In the end, on the base of this wake-up call, the interest and passion for digital grew a lot. So, I decided to get back to uni for a postgraduate, with no doubt about what I wanted to do about my future career. 

  1. Most of the time, staying comfortable (stuck) is the highest risk.

Here’s my second lesson from a career change:

Staying in the comfort zone doesn’t pay off in the long term.

Maybe you are working at something where you feel familiar, and you don’t want to lose that status or feeling. At the same time, you know you are not building valuable skills. Maybe you are not progressing in your career. Or you know that your path is not even taking the form of your interests, passion, and human potential.

If you felt in that situation for a while, it’s not going to be better. Especially if you are very young and with not many responsibilities, not changing your position is the real risk, as regrets and guilt will follow you in your dreams (nightmares) later on.

  1. Passion and curiosity over money are crucial for a career change

Maybe you know deep inside yourself that what you are doing in your daily professional life does not represent your identity anymore. At the same time, you don’t want to give up that habit of making good money through some skills you mastered by the time.

This unwillingness to let go may be understandable from a rational point of view. But probably it does not align with your potential or divine call anymore. 

In my opinion, a good wage and a feeling of security represent an excellent strategy in the short term. Not in the long run, if you know you can give, have, and be more.

Why Digital Marketing for a career change

The three lessons enounced, which I learned through struggles and periods of reflection, allowed me to act and change my career direction for better. I moved from a sales job where I felt stuck after years, to be a digital marketer.

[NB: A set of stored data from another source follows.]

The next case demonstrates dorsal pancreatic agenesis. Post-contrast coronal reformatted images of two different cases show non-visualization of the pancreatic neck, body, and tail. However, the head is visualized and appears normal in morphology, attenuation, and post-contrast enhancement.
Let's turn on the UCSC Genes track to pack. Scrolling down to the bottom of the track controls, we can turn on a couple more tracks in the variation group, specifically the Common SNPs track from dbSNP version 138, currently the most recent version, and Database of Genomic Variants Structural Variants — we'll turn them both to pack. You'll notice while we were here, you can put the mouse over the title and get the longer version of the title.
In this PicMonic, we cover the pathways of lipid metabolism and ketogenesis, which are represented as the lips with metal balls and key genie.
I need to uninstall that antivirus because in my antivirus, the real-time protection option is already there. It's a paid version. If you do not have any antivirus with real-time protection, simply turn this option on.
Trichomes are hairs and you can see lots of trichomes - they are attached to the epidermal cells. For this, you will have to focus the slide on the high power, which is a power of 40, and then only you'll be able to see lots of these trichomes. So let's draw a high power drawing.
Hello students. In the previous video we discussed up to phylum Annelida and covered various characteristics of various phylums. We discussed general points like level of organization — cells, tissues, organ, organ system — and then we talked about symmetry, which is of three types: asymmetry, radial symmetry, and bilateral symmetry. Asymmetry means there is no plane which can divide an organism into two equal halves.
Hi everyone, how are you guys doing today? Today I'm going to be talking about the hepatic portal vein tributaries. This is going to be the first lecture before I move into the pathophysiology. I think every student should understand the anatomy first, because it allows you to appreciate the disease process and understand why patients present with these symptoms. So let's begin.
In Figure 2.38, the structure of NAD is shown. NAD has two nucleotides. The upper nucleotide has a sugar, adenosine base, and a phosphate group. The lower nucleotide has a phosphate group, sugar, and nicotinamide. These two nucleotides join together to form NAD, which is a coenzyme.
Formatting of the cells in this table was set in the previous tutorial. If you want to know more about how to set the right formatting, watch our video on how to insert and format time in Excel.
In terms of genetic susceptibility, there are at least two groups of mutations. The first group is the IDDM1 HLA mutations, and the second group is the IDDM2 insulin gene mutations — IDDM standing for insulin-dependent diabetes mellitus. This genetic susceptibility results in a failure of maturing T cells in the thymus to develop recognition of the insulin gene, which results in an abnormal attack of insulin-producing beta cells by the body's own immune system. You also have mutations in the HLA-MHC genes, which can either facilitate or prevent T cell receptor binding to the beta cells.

This choice for me has revealed to be right for many reasons and aspects, including my well-being. What’s the reason?

I believe that following my intuition, I am now more aligned to my natural predispositions, interests, passions and especially values. In this regard, if there is one thing I realised during my journey is that values should always be the starting point in each decision. Therefore, if you don’t know yours, I would invite you to discover them here.

Furthermore, I recently discovered how much this industry has to offer to those who want to immerse themselves in the fantastic world of online marketing. If you are willing to develop a mix of both analytical and creative skills, this may be your choice too. (Here I spoke in detail about the mindset of a modern marketer.)

So my question is: are you ready to make your career change, or are you still thinking about it? Let me know one day or another.